November 22, 2013

Kennebunk native to compete on ABC-TV’s ‘Shark Tank’

The Berwick Academy graduate will be on the show at 9 p.m. Friday, pitching her combination phone case and purse, called pursecase.

By Ray Routhier rrouthier@pressherald.com
Staff Writer

Kelley Coughlan is trying to turn a case of the dropsies into big business.

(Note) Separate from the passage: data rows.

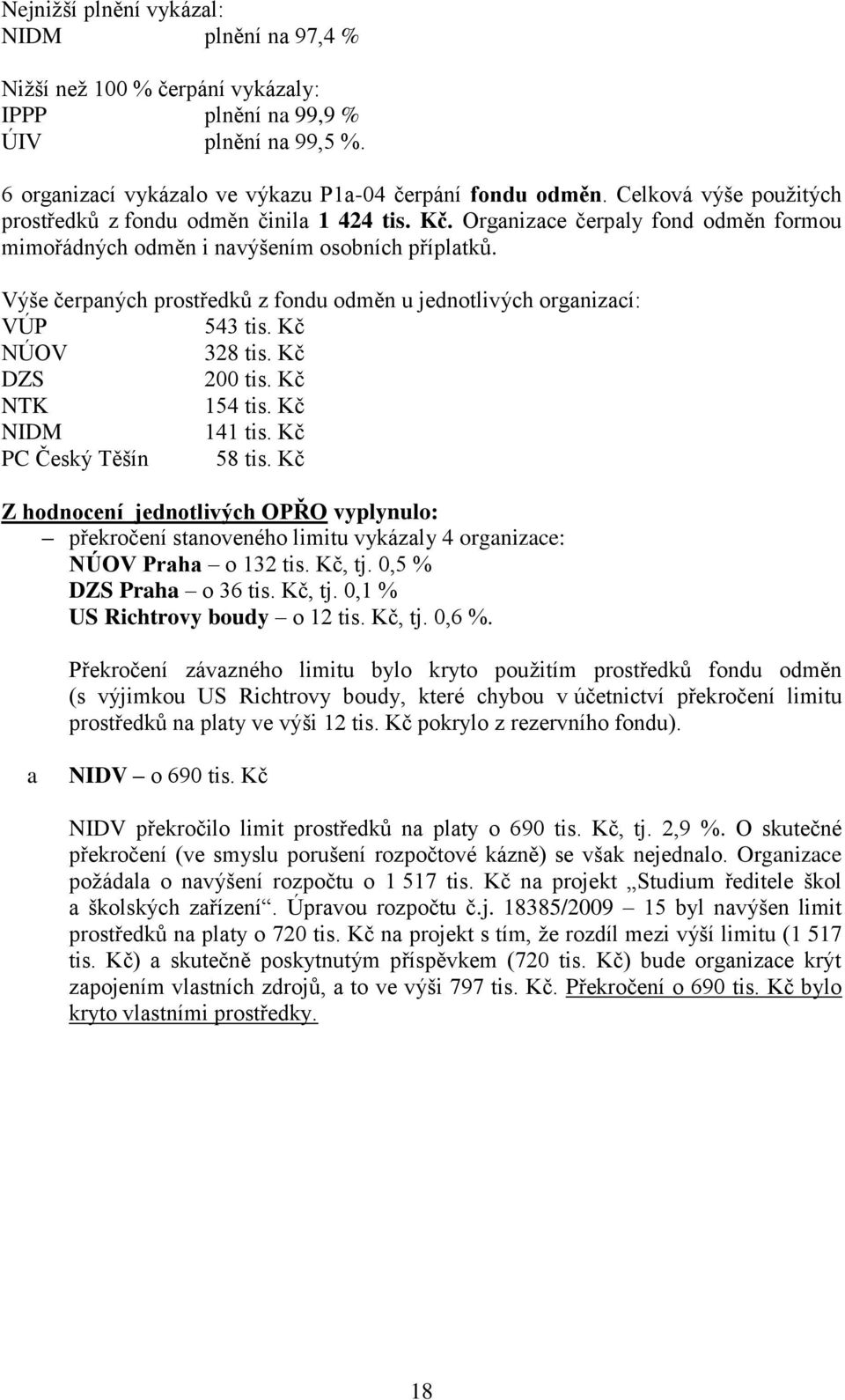 Výše čerpaných prostředků z fondu odměn u jednotlivých organizací: VÚP 543 tis. Kč NÚOV 328 tis. Kč DZS 200 tis. Kč NTK 154 tis. Kč NIDM 141 tis. Kč PC Český Těšín 58 tis.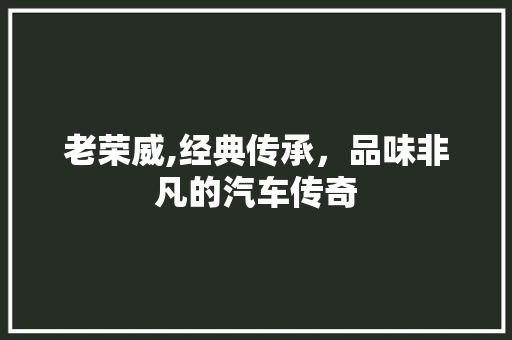 老荣威,经典传承，品味非凡的汽车传奇
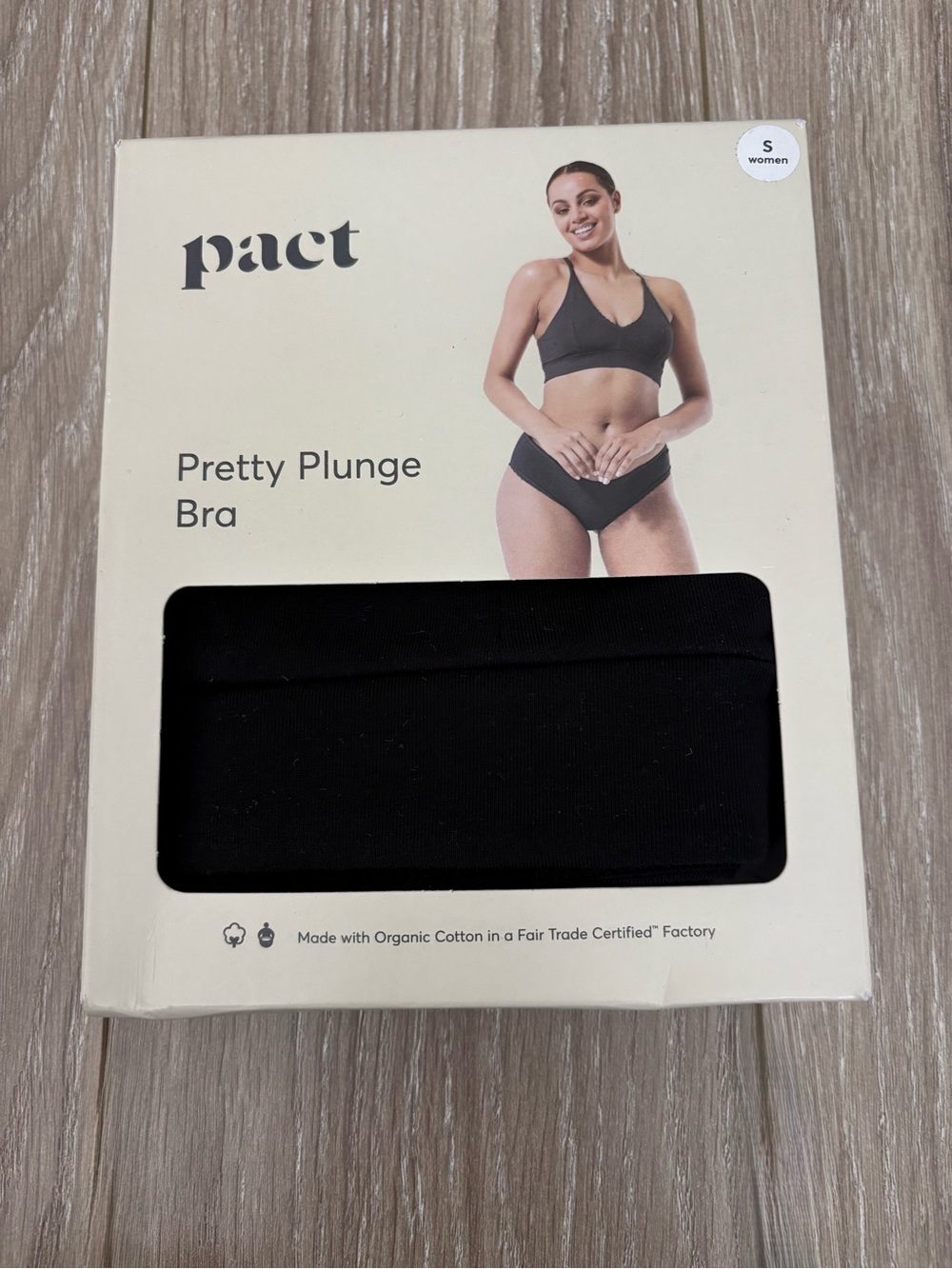 Pact Pretty Plunge Bra - Black Organic Cotton NWT - Picture 2 of 4
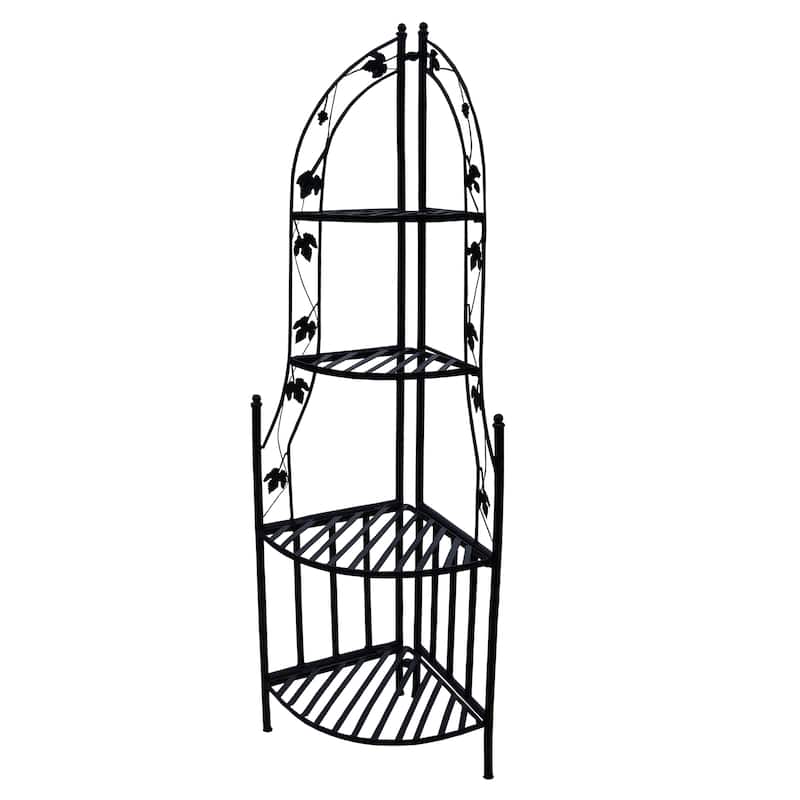 4-Tier Steel Corner Shelf Black Plant Stand - Black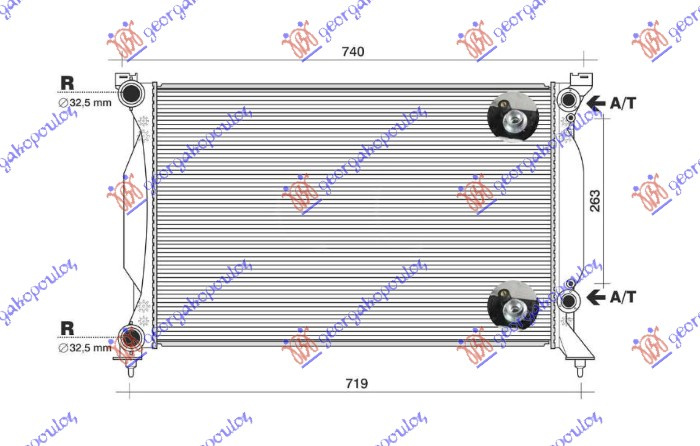 Radiator për motor 2.0 TFSi benzinë (marsh automatik) (630x410)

Kelley Coughlan, right, a Berwick Academy graduate, will pitch her pursecase to “Shark Tank” investors in hopes of winning business backing.

Adam Taylor/ABC

click image to enlarge

Kelley Coughlan, in blue dress at right, grew up in Kennebunk and will be featured on ABC’s “Shark Tank” Friday with her company “pursecase,” the first ever smartphone clutch designed with just essentials in mind. Coughlan and her business partner Jenn Deese, at her right, will pitch to the panel of five millionaire and billionaire investors including Mark Cuban, Barbara Corcoran, Kevin O’Leary, Lori Greiner and Robert Herjavec. They will find out by the end of the episode if anyone wants to invest in their product or not.

Adam Taylor/ABC

The Kennebunk native will be seen Friday night on ABC’s reality show “Shark Tank,” trying to persuade the show’s panel of millionaire entrepreneurs to invest in her product, called pursecase. Is it a phone case? It is it a purse? It’s both, and it straps to your wrist.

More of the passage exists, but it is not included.